• **What the exercise asks**: Nothing but the lines below from the one containing "在地人都知道超過40年的老店" through the one containing "Paparazzi Stunningly Striking - Black" should appear in the answer, exact and without pictures.

───── Material for this task ─────

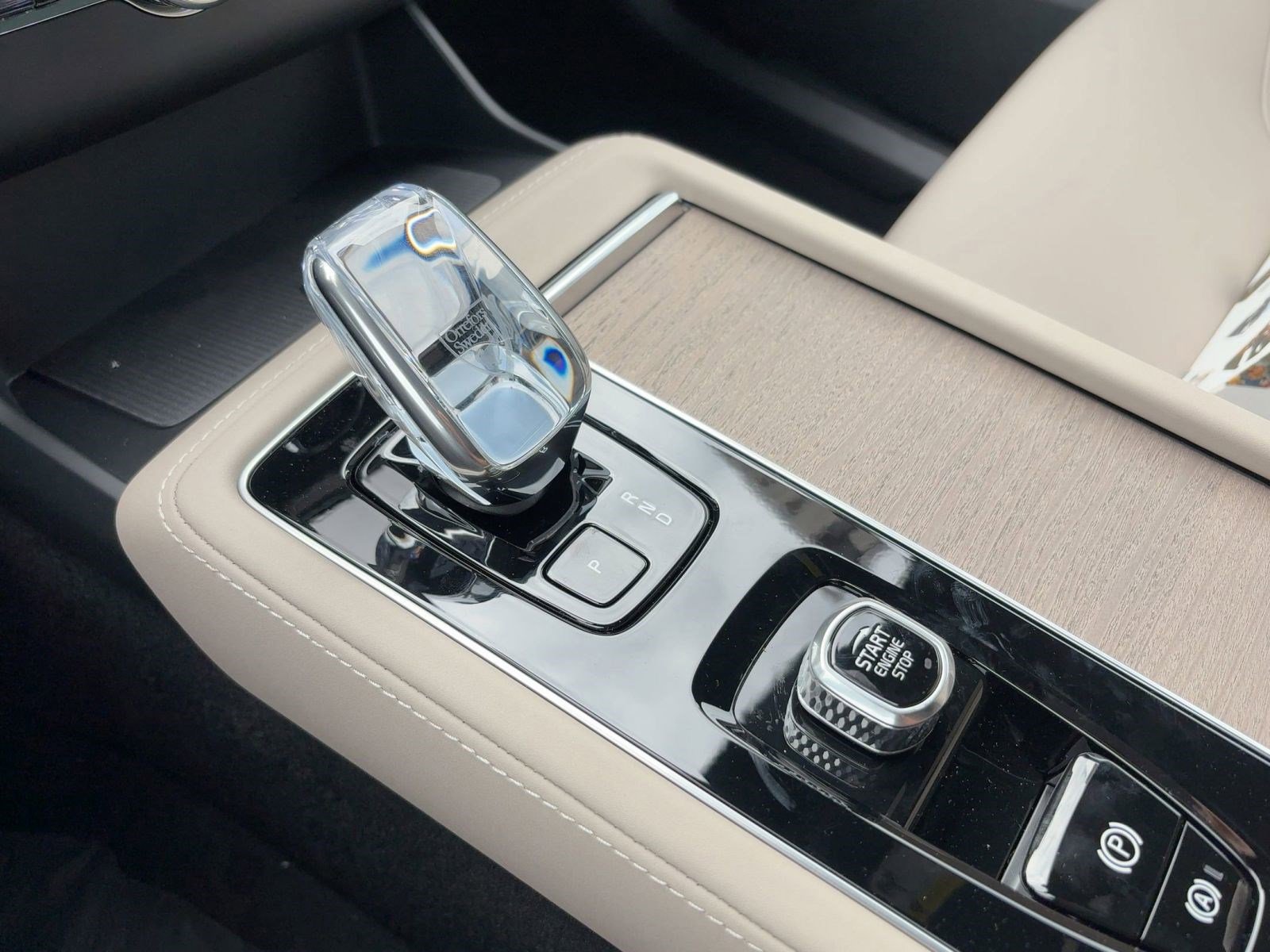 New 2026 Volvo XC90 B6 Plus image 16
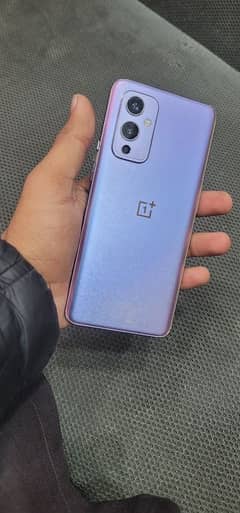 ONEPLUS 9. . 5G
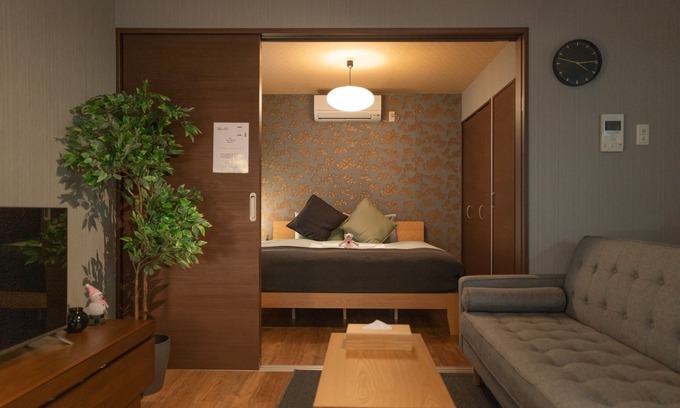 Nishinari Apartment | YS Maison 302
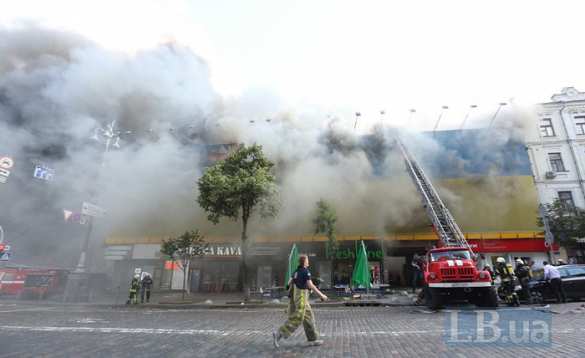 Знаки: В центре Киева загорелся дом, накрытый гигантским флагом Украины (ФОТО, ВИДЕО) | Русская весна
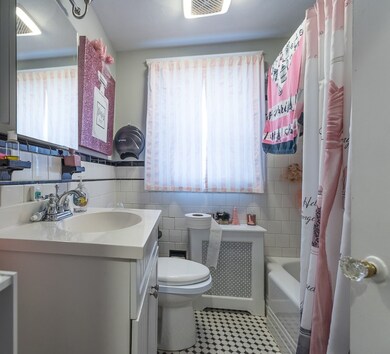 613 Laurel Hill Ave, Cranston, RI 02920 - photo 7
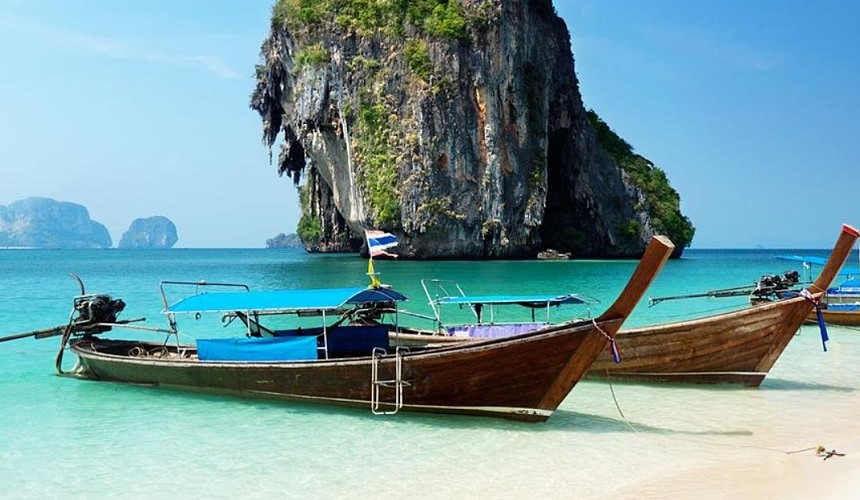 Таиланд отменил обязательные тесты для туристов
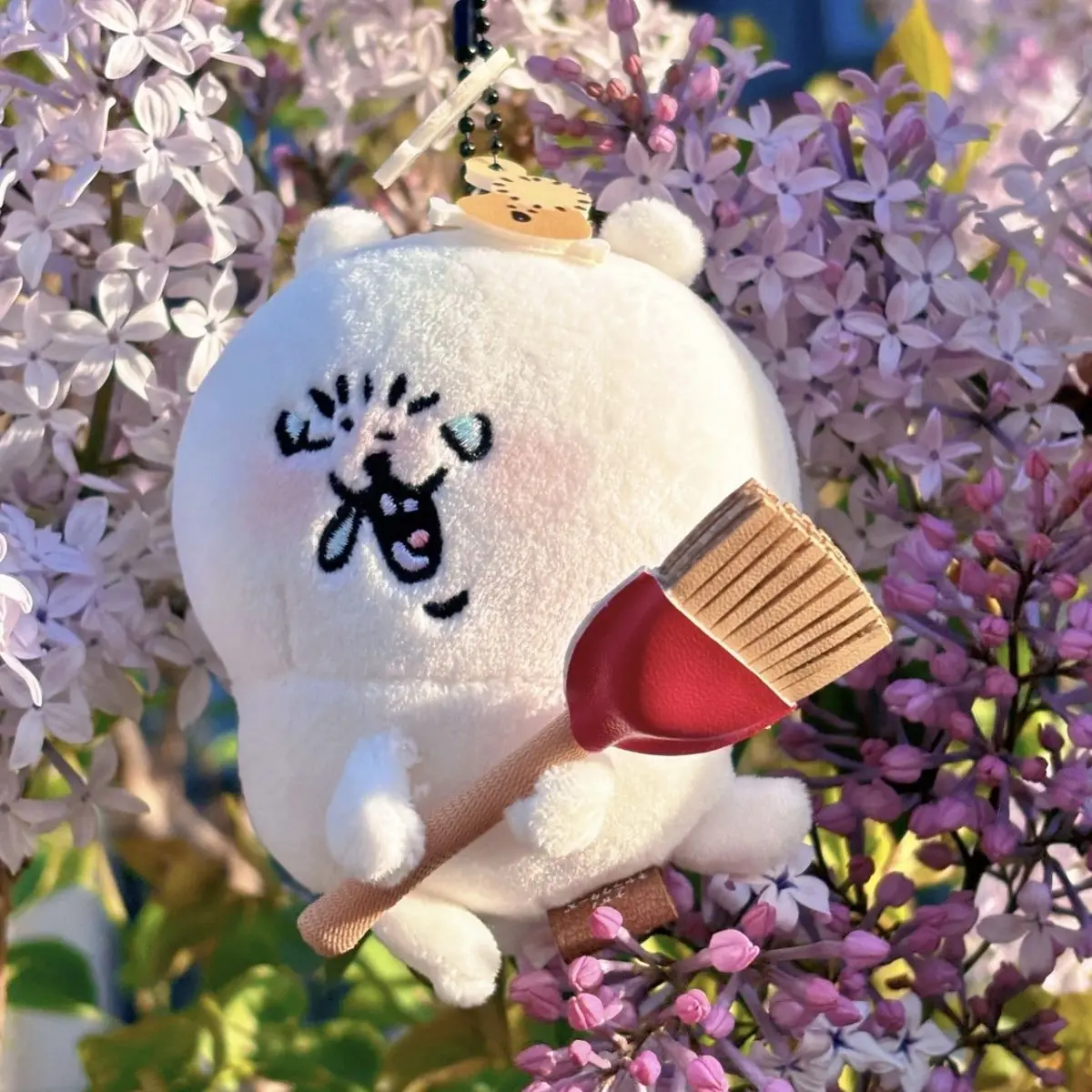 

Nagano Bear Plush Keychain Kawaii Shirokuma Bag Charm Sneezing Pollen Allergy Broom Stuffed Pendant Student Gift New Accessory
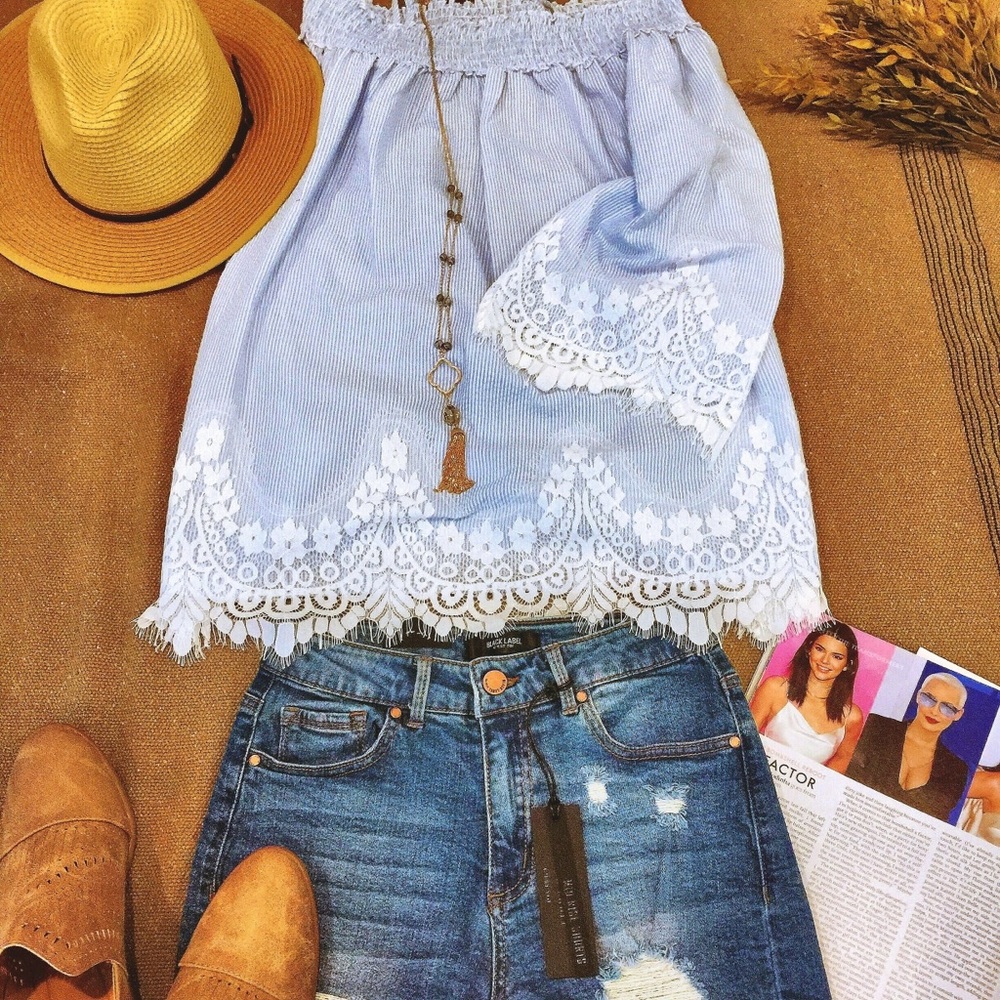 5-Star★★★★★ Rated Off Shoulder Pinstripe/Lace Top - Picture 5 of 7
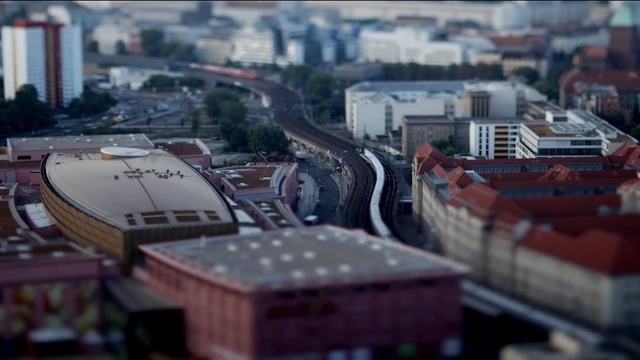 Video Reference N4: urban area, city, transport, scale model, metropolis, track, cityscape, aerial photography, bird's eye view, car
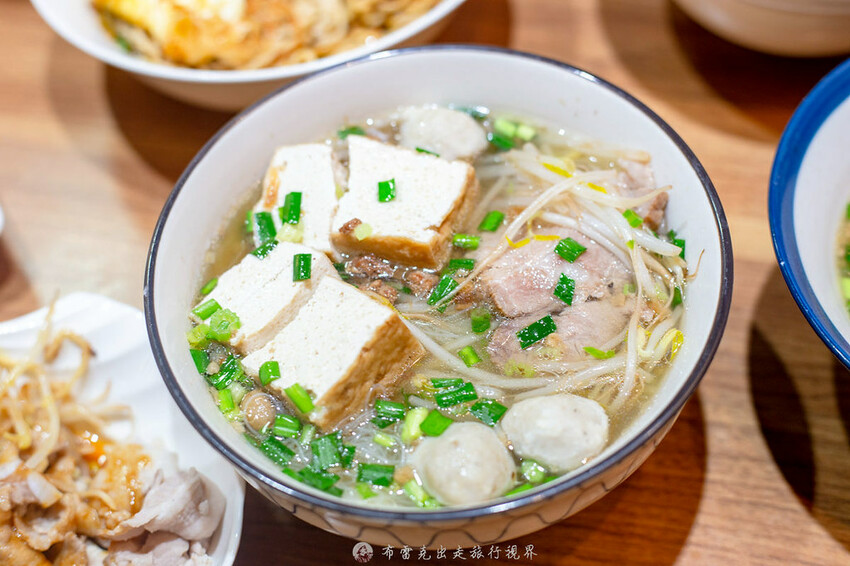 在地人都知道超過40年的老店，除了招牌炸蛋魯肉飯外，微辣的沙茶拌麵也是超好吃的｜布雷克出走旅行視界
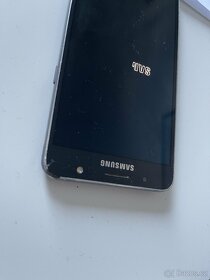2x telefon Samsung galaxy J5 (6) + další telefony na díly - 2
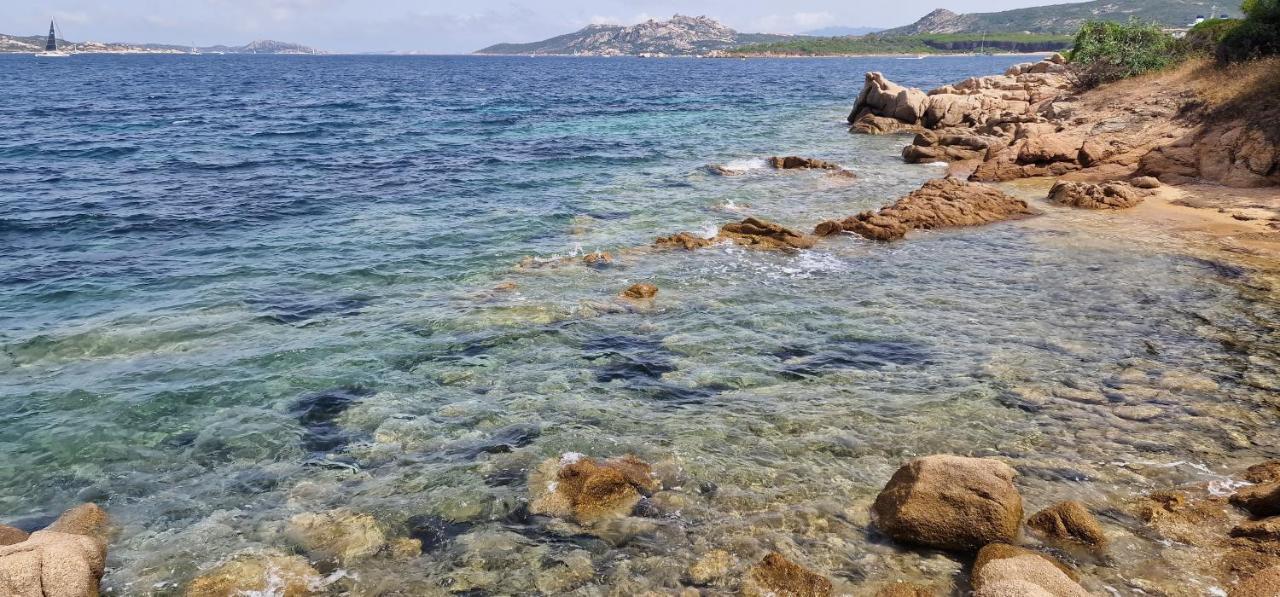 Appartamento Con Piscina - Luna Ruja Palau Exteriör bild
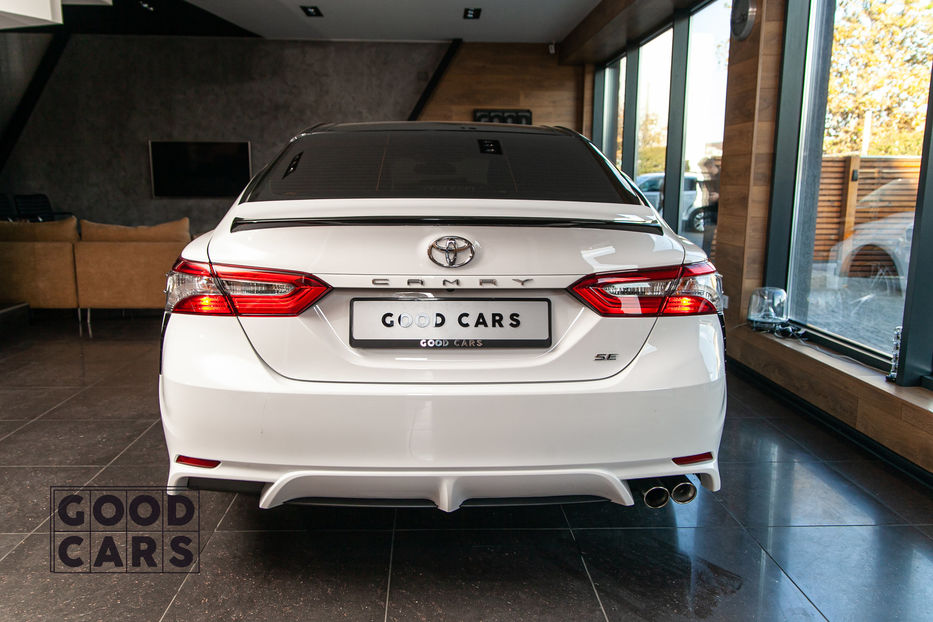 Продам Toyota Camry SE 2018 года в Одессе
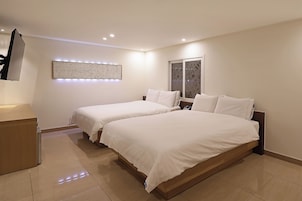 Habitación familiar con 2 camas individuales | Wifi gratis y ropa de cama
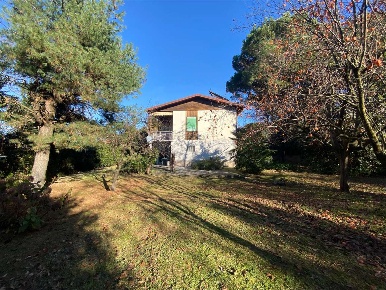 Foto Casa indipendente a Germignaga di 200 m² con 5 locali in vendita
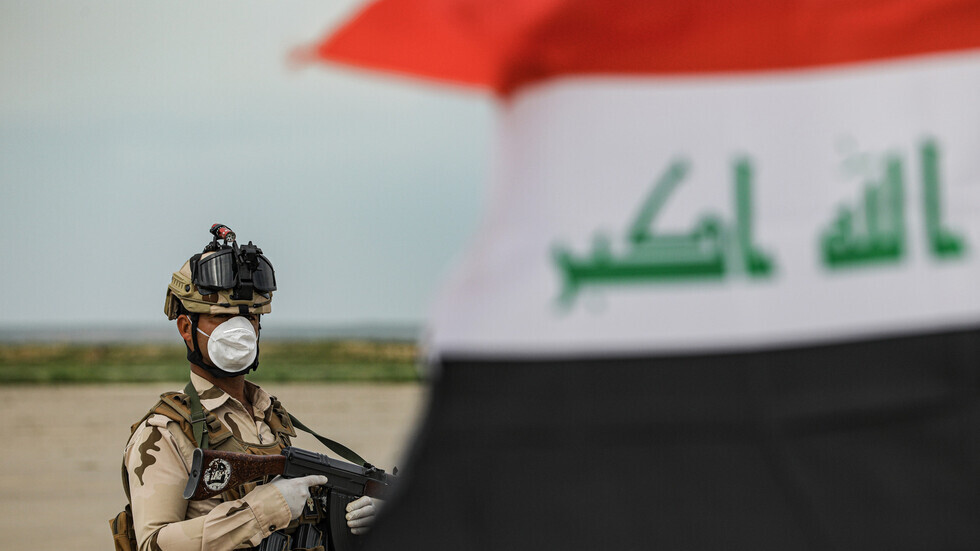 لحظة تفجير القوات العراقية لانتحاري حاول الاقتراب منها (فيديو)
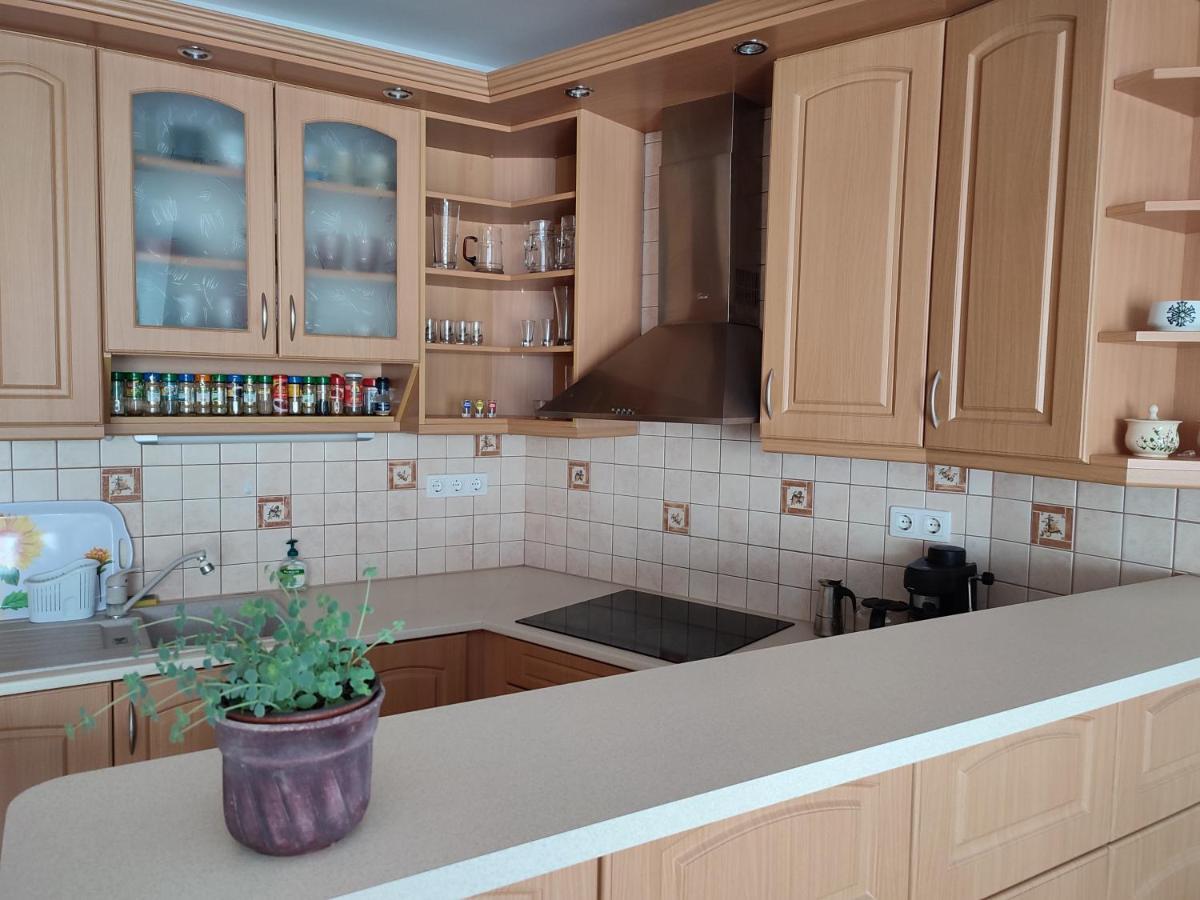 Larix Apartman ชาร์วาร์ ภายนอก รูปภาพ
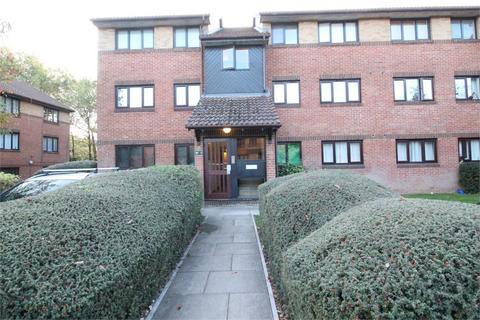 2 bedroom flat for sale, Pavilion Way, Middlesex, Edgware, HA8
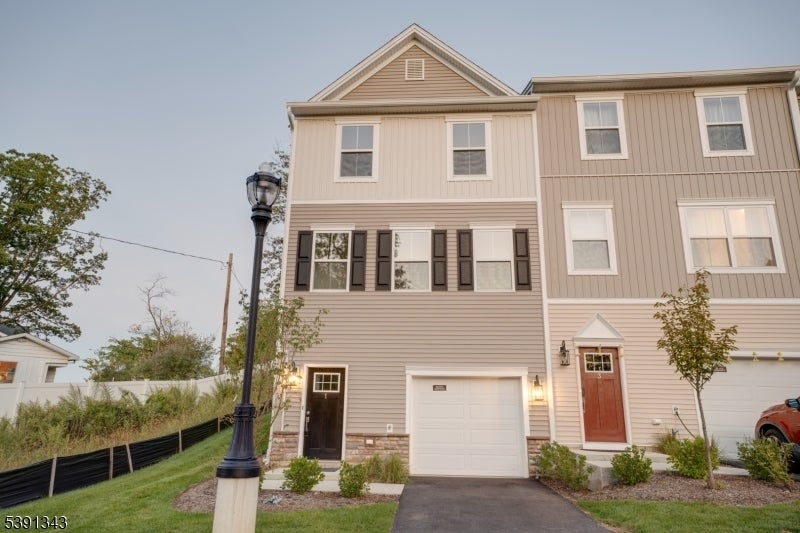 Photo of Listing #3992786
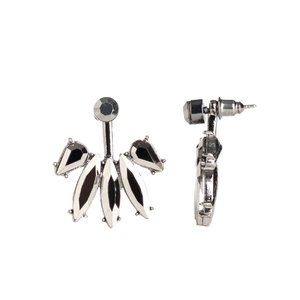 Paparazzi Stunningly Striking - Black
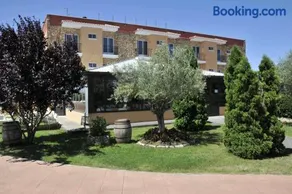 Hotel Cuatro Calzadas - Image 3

─────

• **Written reply**:
 在地人都知道超過40年的老店，除了招牌炸蛋魯肉飯外，微辣的沙茶拌麵也是超好吃的｜布雷克出走旅行視界
2x telefon Samsung galaxy J5 (6) + další telefony na díly - 2
 Appartamento Con Piscina - Luna Ruja Palau Exteriör bild
 Продам Toyota Camry SE 2018 года в Одессе
 Habitación familiar con 2 camas individuales | Wifi gratis y ropa de cama
 Foto Casa indipendente a Germignaga di 200 m² con 5 locali in vendita
 لحظة تفجير القوات العراقية لانتحاري حاول الاقتراب منها (فيديو)
 Larix Apartman ชาร์วาร์ ภายนอก รูปภาพ
 2 bedroom flat for sale, Pavilion Way, Middlesex, Edgware, HA8
 Photo of Listing #3992786
 Paparazzi Stunningly Striking - Black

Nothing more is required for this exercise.